The third song sounded like a mix between “Billie Jean” and “Thriller”, drawing arms up in the air from a dance-enthused audience. Following this, came one of the few non-danceable songs of the night, beginning with a swamp-blues guitar line that evoked 70’s Southern Rock before it segued into an anthemic chorus comparable to many of Arcade Fire’s finest.
The band kept the talking to a minimum, with Win thanking the crowd once and referring to themselves only as The Reflektors. The next song began with possibly the fastest-sung verse in the Arcade Fire catalogue, sounding similar to The Rolling Stones’ “Rip This Joint”. The fist-pumping verse soon slowed down, and most of the song circled around a repetitive chorus regarding Joan of Arc.
The sixth song was the absolute highlight of the night, with no other new track eliciting such strong crowd reaction. The song was almost Nirvana-esque with the entire Salsathèque jumping into each other and head-banging as hard as their necks would allow. The chorus of the song exploded out of a quieter verse in the same way Blur’s “Song 2” did decades past, and by then the sweat and moisture was pouring off the mirrored walls. On the contrary, the seventh track was the night’s most forgettable, though likely because everyone was still trying to catch their breath. Still, the band members encouraged the crowd to snap along to the hypnotic rhythms of the song, leading to a slow groove that was heavily bass-driven.

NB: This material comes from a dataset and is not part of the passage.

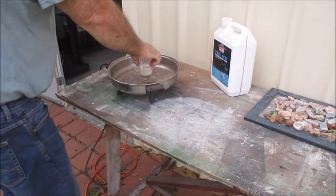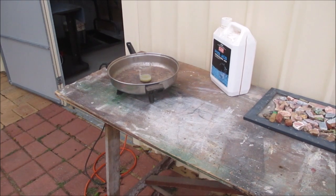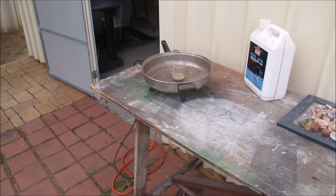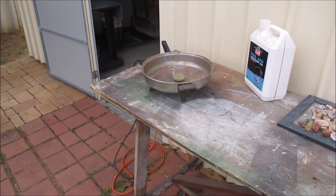There it is. I'm going to put it on the heat and that should start to react — the acid once it heats up will start to react. Anyway, I'll get back to you when I've progressed a bit further.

Before the eighth track started, the blue afro girl returned to announce that the dance was off due to the restricted movement we had in such a cramped venue. In place of the choreographed dance, she encouraged us to go crazy and dance any way we could to one of the most danceable songs of the night. The entire show was being filmed in black and white for future use by the band, and as a result, the cameras were pointed directly at the crowd. The track was sung by both Win and Regine (who actually didn’t have many lead vocals during the night), and lyrically dealt with the end of summer.

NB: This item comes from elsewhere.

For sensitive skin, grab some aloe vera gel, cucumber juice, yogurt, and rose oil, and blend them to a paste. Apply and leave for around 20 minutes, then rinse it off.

Naturally, Arcade Fire finished the set with an insane performance of this week’s head spinner of a new single, “Reflektor”. The entire crowd was singing and screaming the chorus with whatever energy they had left in the tank. Being the only song that audience members knew prior to the show, everyone gave it their all and it immediately became one of the greatest performances Arcade Fire has ever had in their home city, complete with a banana-costumed crowd surfer.
At the conclusion of “Reflektor”, the band members ran into the crowd and mingled with their fans over cold beers. Win spent most of the after-party dancing with fans to salsa tunes before taking the reins as DJ. Twelve-inch vinyl singles of “Reflektor” were available at the door, and each band member was eager to sign the records for the fans and wanted to know what they thought of the new material.
Judging from the night’s nine songs, Reflektor will mark a serious departure for Arcade Fire, as James Murphy’s involvement has shifted the band from the neighborhoods to the dance clubs. Nearly every song in the set was awash with synths, and hips were swaying to and fro even at their most “rock ‘n’ roll” moments. It’s only improved their live show, however, turning an emotional experience into a test of endurance. What’s more, the sweeping choruses of Funeral, Neon Bible, or The Suburbs continue to pummel you towards the stars. In other words, grab a green highlighter and set a reminder on your calendar: October 29th is the day of reckoning.